Dziś w węgierski parlament zajmie się rezolucją ws. poparcia dla polskiego rządu w sporze z Komisją Europejską. Projekt dokumentu przygotował szef parlamentarnej komisji spraw zagranicznych Zsolt Nemeth. To poparcie wiele mówi o naszej przyjaźni.
Węgierski projekt mówi jasno: parlament w Budapeszcie uznaje za nieuzasadnione, zainicjowane przez Parlament Europejski i Komisję Europejską, wszczęcie postępowania na podstawie art. 7 Traktatu o UE.
"Wzywamy węgierski rząd, żeby poparł Polskę i nie zgodził się na ograniczenie zagwarantowanych w traktacie podstawowych praw" - napisano w dokumencie.
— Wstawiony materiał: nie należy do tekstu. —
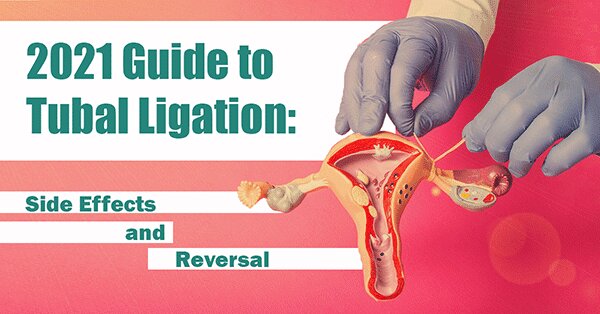 2021 Guide to Tubal Ligation: Side Effects and Reversal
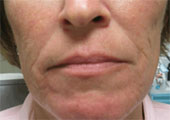 Sculptra injectable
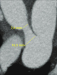 Abb. 9: PDA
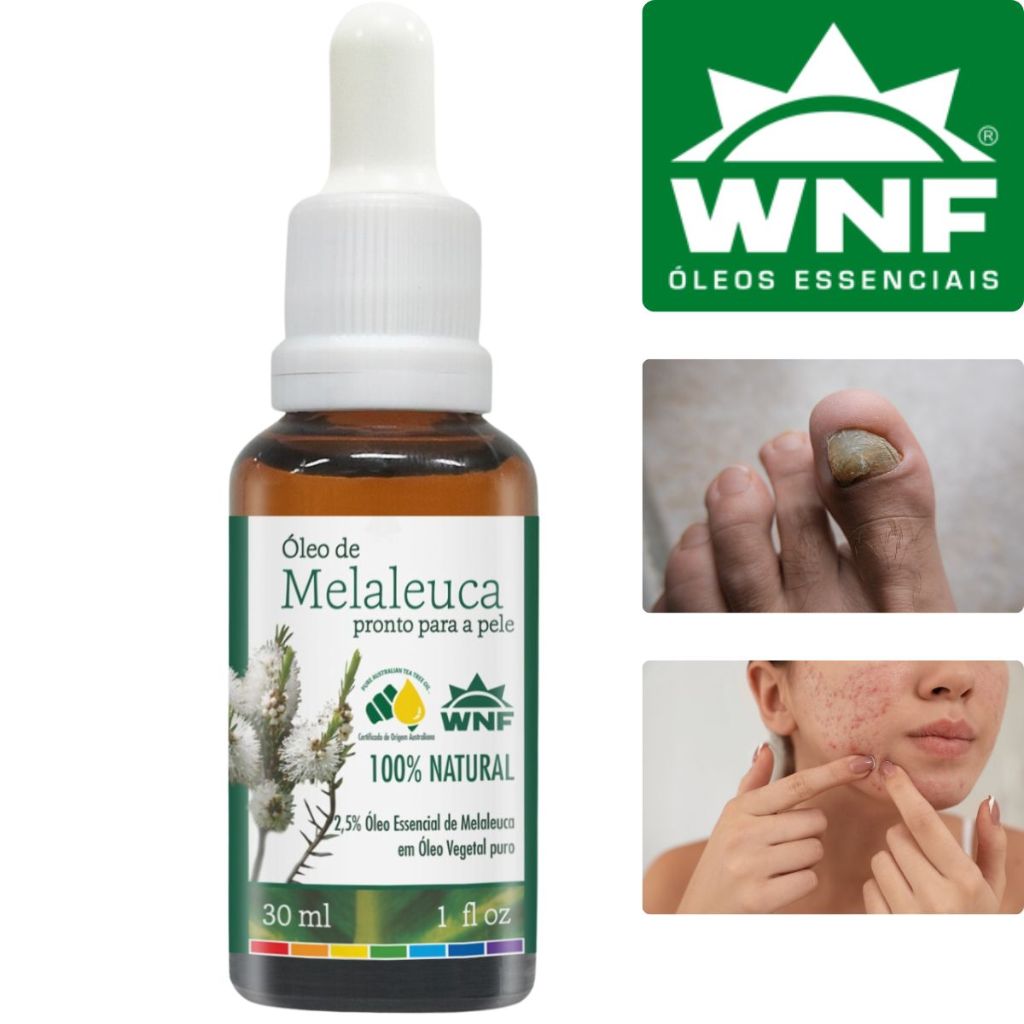 Oleo de Melaleuca para Acne Pele Oleosa Unha Caspa WNF 30ml | Shopee Brasil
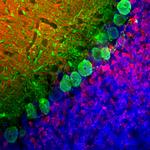 Calbindin D28K Monoclonal Antibody (4H7)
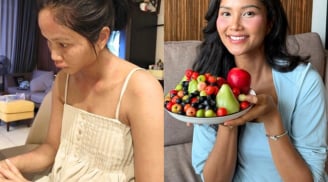 Tình trạng của H'Hen Niê sau khi mắc bệnh lạ sau sinh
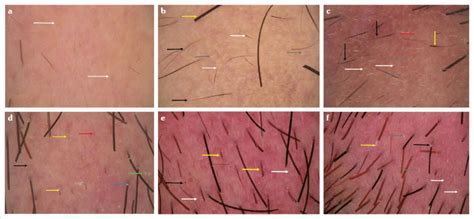 Hair thins over the top of the head and on the sides. a-f. (a) Dermoscopic features of beard alopecia areata ...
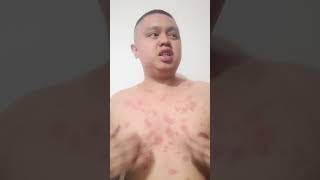 My Psoriasis Story [upl. by Aloisius]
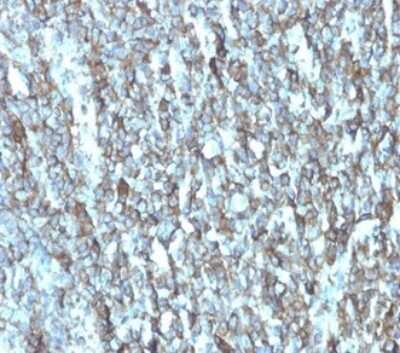 Immunohistochemistry-Paraffin: Migfilin Antibody (FBLIM1/4600) [NBP3-13746]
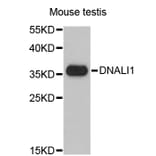 Western Blot - Anti-DNALI1 Antibody (A4190) - Antibodies.com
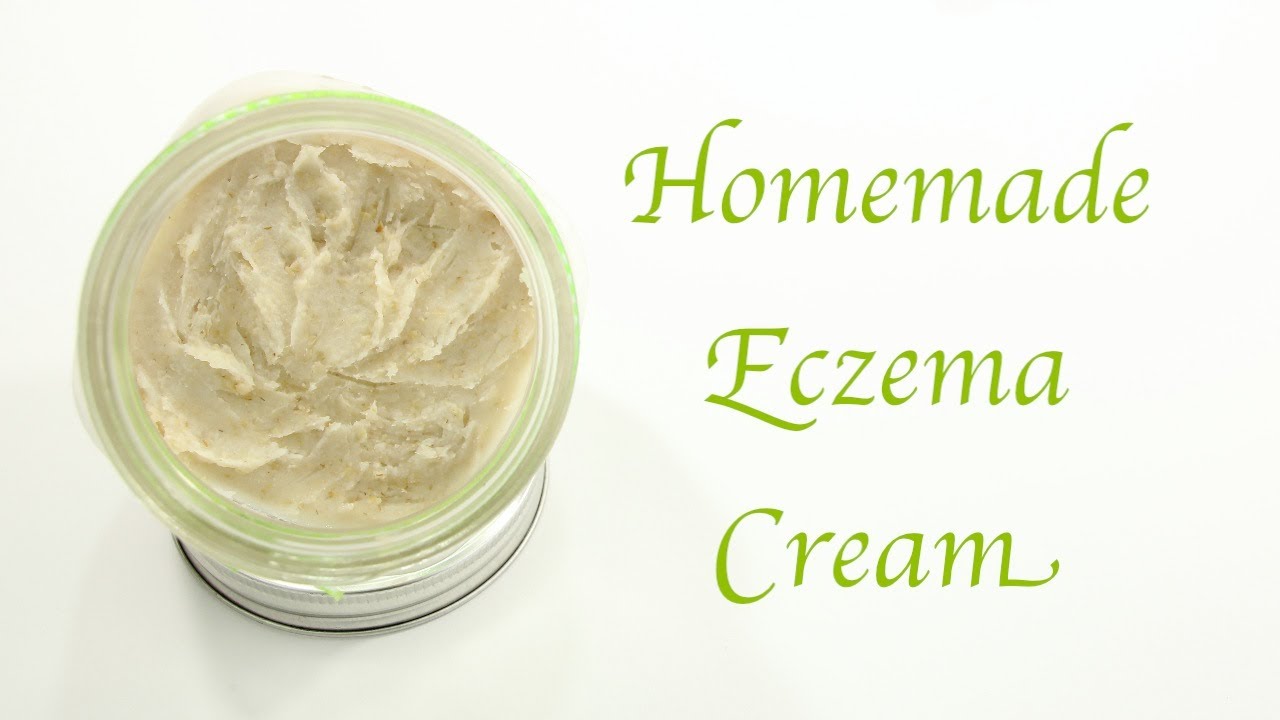 Eczema Creams A Solution For Your Dry Rashes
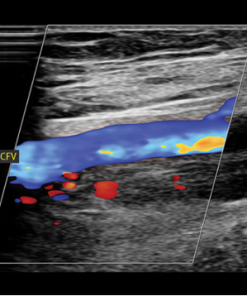 Clinical Approach to Vascular Ultrasound and RPVI Prep Course 2023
Co ciekawe, Węgrzy uważają, że ich państwo nie powinno popierać takich rozwiązań unijnych, które mogą ograniczyć podstawowe prawa Polski wynikające z członkostwa w UE. W rezolucji znalazł się też apel do węgierskich europosłów o obronę rządu w Warszawie.
To kolejny wyraz wsparcia i solidarności Węgier wobec Polski i kolejna szansa na pokonanie oligarchicznej, zlaicyzowanej grupy europejskich dyktatorów.